*Directions for this task:* Each entry is to be given again word for word; images are dropped.

##########

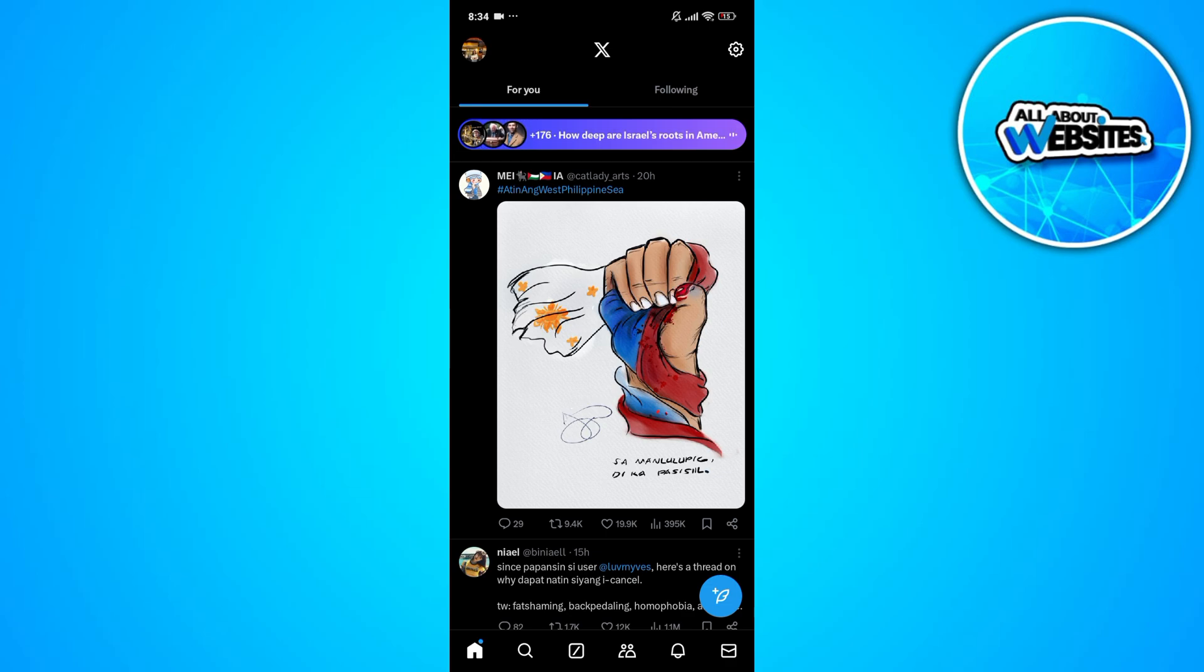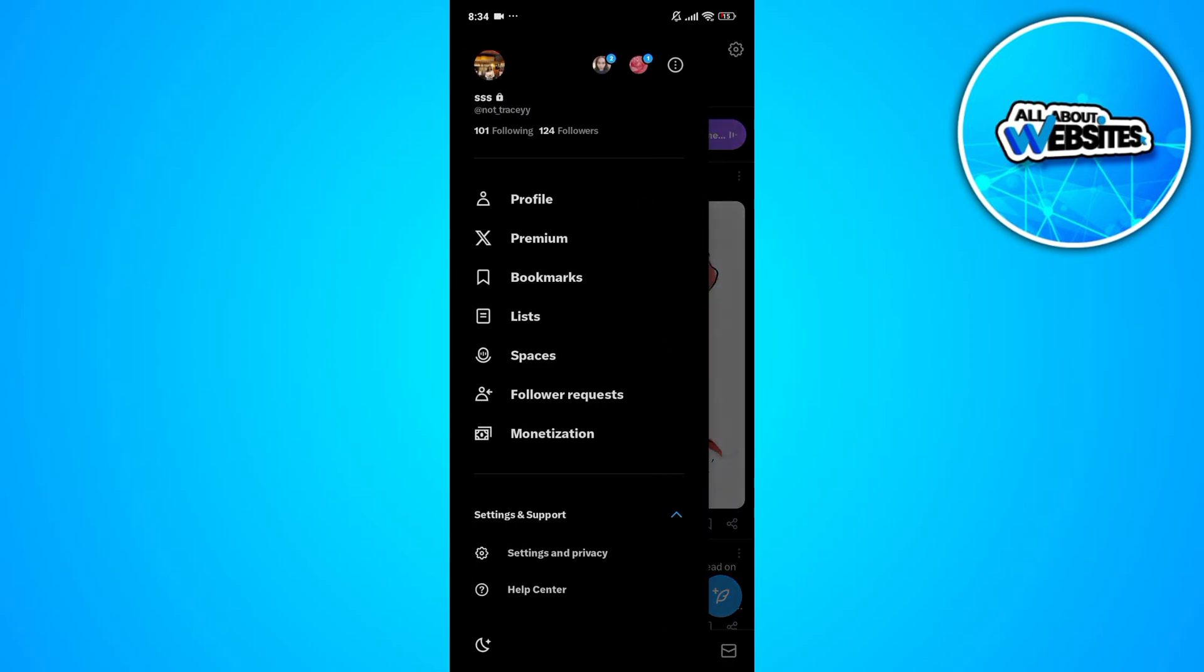Now make sure that you're signed in to your Twitter account. In the past, the way for you to hide your Twitter likes from the public is to set your account to private.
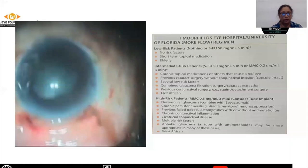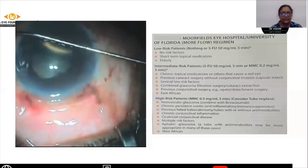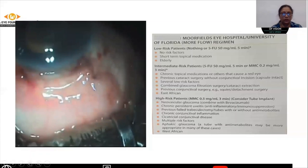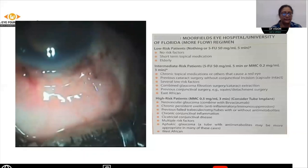Once that is done, you need to form the bleb and check for the patency of the ostium and the extent of the bleb which is formed. This is how a well-formed bleb looks on the table immediately after surgery. You can see that it is an extensive and well-formed bleb. Thank you.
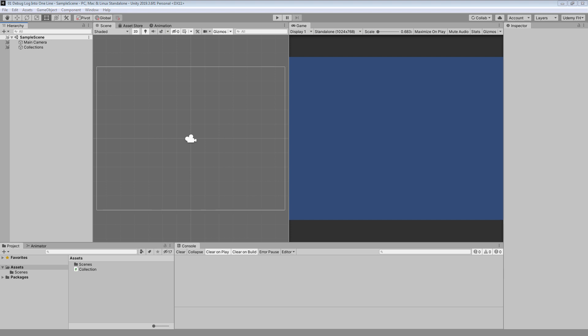Welcome everyone. In this video I will show you how to debug your arrays or lists into one line inside the console, so the debugging will be a lot cleaner and readable. We will also be using some advanced techniques like LINQ syntax or lambda expressions, so I hope you will like this video. Let's get started.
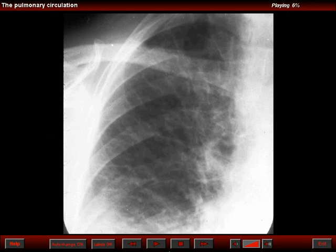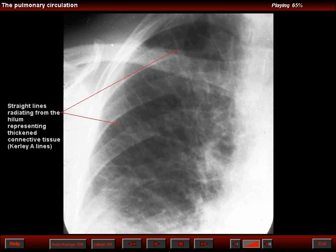Occasionally we can observe straight lines that radiate from the hyla. They do not branch and they do not taper. They represent the thickening of the axial connective tissue. In this case, a close-up of the right hilus in a patient who had interstitial pulmonary edema.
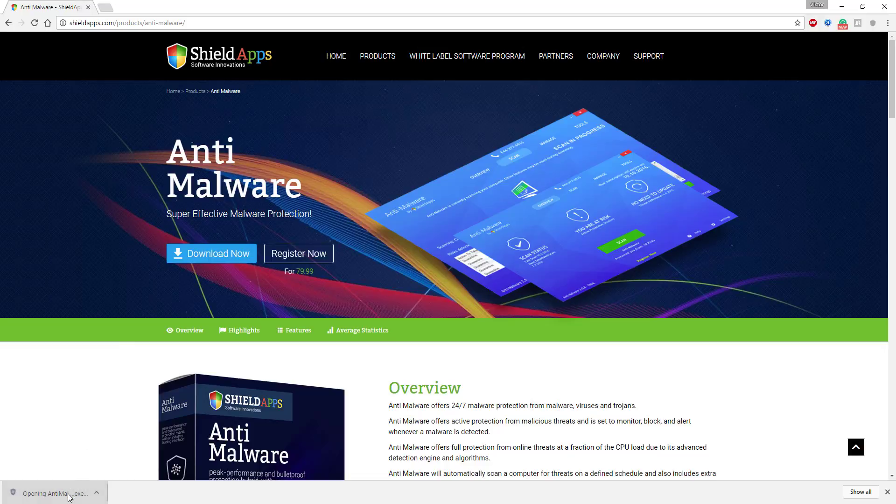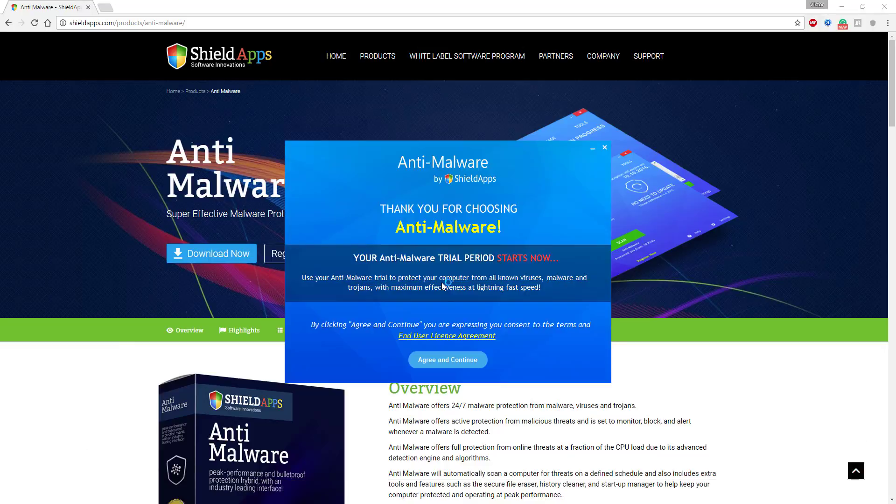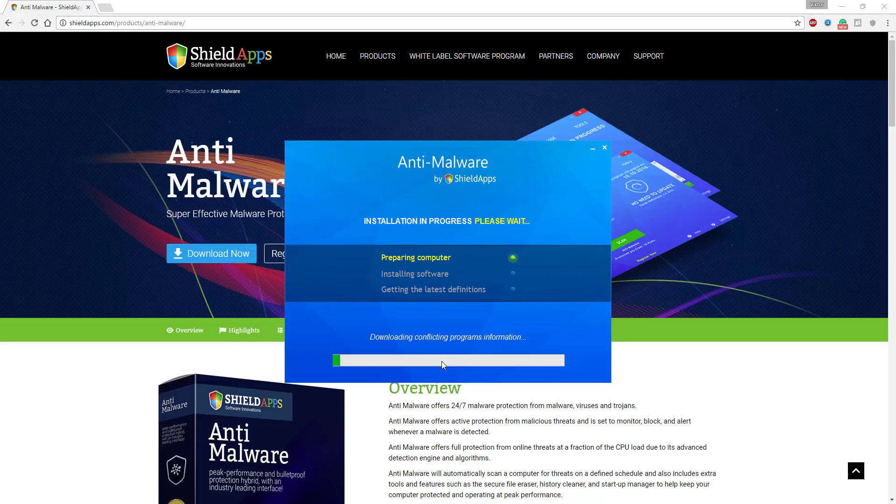Anti-Malware's installation process will start promptly. Before you confirm the installation process, we urge you to read product's terms and conditions by clicking on the End User License Agreement link. To continue with the installation, click Agree and Continue.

##########

*Solution:*
Now make sure that you're signed in to your Twitter account. In the past, the way for you to hide your Twitter likes from the public is to set your account to private.
Once that is done, you need to form the bleb and check for the patency of the ostium and the extent of the bleb which is formed. This is how a well-formed bleb looks on the table immediately after surgery. You can see that it is an extensive and well-formed bleb. Thank you.
Welcome everyone. In this video I will show you how to debug your arrays or lists into one line inside the console, so the debugging will be a lot cleaner and readable. We will also be using some advanced techniques like LINQ syntax or lambda expressions, so I hope you will like this video. Let's get started.
Occasionally we can observe straight lines that radiate from the hyla. They do not branch and they do not taper. They represent the thickening of the axial connective tissue. In this case, a close-up of the right hilus in a patient who had interstitial pulmonary edema.
Anti-Malware's installation process will start promptly. Before you confirm the installation process, we urge you to read product's terms and conditions by clicking on the End User License Agreement link. To continue with the installation, click Agree and Continue.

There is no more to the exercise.